### Work to be completed
Among the records that follow, find the line with "舒适的印第安帐篷，距离海滩约100米。露营村" and the line with "Snapshot of bella_posh". Set down those lines and all lines between them exactly, without adding anything.

### Extracted data
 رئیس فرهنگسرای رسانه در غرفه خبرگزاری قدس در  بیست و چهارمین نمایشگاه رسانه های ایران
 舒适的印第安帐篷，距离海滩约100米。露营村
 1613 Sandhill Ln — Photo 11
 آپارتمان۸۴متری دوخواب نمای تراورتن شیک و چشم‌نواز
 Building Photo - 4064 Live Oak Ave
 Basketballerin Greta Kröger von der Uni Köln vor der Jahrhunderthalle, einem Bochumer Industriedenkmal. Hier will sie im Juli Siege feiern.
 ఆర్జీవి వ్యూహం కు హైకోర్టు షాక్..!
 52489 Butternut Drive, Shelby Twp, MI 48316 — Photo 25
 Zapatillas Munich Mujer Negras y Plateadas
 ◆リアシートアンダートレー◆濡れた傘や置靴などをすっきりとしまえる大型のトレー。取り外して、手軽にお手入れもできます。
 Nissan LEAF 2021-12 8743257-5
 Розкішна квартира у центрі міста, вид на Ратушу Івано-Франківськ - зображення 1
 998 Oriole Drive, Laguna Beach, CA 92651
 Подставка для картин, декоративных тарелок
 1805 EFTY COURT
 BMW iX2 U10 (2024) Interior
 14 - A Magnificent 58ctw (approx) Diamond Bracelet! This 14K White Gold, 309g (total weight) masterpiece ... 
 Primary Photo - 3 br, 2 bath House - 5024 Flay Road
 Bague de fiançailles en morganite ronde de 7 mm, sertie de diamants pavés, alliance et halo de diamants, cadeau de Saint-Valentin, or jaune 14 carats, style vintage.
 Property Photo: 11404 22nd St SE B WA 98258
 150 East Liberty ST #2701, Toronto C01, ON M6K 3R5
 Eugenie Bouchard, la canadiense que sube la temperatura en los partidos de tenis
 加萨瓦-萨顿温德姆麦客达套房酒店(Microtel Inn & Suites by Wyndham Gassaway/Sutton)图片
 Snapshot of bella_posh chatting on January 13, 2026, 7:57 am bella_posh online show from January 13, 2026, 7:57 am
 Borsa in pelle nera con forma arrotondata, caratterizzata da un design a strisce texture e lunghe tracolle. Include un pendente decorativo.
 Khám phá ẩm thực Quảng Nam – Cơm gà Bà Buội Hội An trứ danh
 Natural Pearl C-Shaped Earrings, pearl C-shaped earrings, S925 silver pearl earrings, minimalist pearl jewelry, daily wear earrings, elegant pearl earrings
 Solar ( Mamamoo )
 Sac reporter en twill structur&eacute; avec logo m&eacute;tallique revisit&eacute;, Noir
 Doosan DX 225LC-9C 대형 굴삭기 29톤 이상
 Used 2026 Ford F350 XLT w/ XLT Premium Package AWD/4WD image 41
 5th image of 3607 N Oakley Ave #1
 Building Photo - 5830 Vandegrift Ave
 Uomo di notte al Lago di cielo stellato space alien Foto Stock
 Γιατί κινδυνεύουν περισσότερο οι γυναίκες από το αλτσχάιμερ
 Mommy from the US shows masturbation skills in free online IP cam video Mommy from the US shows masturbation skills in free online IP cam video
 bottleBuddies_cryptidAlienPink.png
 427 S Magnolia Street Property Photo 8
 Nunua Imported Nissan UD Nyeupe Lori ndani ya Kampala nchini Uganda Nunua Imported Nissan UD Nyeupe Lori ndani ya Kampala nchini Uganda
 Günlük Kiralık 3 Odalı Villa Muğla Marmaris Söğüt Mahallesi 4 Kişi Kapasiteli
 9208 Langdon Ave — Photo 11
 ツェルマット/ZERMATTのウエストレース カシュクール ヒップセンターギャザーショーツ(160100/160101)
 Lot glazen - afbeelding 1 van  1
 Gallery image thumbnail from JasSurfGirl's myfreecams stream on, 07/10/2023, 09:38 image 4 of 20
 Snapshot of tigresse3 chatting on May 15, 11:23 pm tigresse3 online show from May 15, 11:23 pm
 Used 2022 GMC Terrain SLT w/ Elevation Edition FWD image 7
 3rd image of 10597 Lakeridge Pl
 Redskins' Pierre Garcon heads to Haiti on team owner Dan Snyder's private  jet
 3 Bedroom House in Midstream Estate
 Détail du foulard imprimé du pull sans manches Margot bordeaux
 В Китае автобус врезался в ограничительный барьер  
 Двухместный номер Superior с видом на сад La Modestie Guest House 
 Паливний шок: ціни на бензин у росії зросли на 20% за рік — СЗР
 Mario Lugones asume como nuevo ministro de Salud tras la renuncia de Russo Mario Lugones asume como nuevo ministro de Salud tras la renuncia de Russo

### Answer box
 舒适的印第安帐篷，距离海滩约100米。露营村
 1613 Sandhill Ln — Photo 11
 آپارتمان۸۴متری دوخواب نمای تراورتن شیک و چشم‌نواز
 Building Photo - 4064 Live Oak Ave
 Basketballerin Greta Kröger von der Uni Köln vor der Jahrhunderthalle, einem Bochumer Industriedenkmal. Hier will sie im Juli Siege feiern.
 ఆర్జీవి వ్యూహం కు హైకోర్టు షాక్..!
 52489 Butternut Drive, Shelby Twp, MI 48316 — Photo 25
 Zapatillas Munich Mujer Negras y Plateadas
 ◆リアシートアンダートレー◆濡れた傘や置靴などをすっきりとしまえる大型のトレー。取り外して、手軽にお手入れもできます。
 Nissan LEAF 2021-12 8743257-5
 Розкішна квартира у центрі міста, вид на Ратушу Івано-Франківськ - зображення 1
 998 Oriole Drive, Laguna Beach, CA 92651
 Подставка для картин, декоративных тарелок
 1805 EFTY COURT
 BMW iX2 U10 (2024) Interior
 14 - A Magnificent 58ctw (approx) Diamond Bracelet! This 14K White Gold, 309g (total weight) masterpiece ... 
 Primary Photo - 3 br, 2 bath House - 5024 Flay Road
 Bague de fiançailles en morganite ronde de 7 mm, sertie de diamants pavés, alliance et halo de diamants, cadeau de Saint-Valentin, or jaune 14 carats, style vintage.
 Property Photo: 11404 22nd St SE B WA 98258
 150 East Liberty ST #2701, Toronto C01, ON M6K 3R5
 Eugenie Bouchard, la canadiense que sube la temperatura en los partidos de tenis
 加萨瓦-萨顿温德姆麦客达套房酒店(Microtel Inn & Suites by Wyndham Gassaway/Sutton)图片
 Snapshot of bella_posh chatting on January 13, 2026, 7:57 am bella_posh online show from January 13, 2026, 7:57 am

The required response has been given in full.